Material for the task |
....
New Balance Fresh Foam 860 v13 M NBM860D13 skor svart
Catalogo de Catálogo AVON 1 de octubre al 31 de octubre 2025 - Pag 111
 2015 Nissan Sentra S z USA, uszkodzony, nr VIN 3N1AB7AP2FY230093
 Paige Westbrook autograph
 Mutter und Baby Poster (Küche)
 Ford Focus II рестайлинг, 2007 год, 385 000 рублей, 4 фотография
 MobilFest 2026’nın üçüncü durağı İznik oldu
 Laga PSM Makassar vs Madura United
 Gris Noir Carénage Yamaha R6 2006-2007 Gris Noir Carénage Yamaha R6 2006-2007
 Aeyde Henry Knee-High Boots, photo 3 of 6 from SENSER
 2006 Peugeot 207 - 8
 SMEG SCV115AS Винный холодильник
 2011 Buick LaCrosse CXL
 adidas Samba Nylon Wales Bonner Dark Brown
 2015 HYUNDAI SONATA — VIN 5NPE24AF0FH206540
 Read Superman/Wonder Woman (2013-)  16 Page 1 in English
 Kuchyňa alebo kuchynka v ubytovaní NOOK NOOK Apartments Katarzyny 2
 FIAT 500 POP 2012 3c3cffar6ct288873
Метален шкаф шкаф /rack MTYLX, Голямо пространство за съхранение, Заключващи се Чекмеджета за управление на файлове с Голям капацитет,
....
What the exercise asks | Nothing but the line with "SMEG SCV115AS Винный холодильник" and the lines after it, through the end of the material, should appear in the output, word for word.

Answer box |
 SMEG SCV115AS Винный холодильник
 2011 Buick LaCrosse CXL
 adidas Samba Nylon Wales Bonner Dark Brown
 2015 HYUNDAI SONATA — VIN 5NPE24AF0FH206540
 Read Superman/Wonder Woman (2013-)  16 Page 1 in English
 Kuchyňa alebo kuchynka v ubytovaní NOOK NOOK Apartments Katarzyny 2
 FIAT 500 POP 2012 3c3cffar6ct288873
Метален шкаф шкаф /rack MTYLX, Голямо пространство за съхранение, Заключващи се Чекмеджета за управление на файлове с Голям капацитет,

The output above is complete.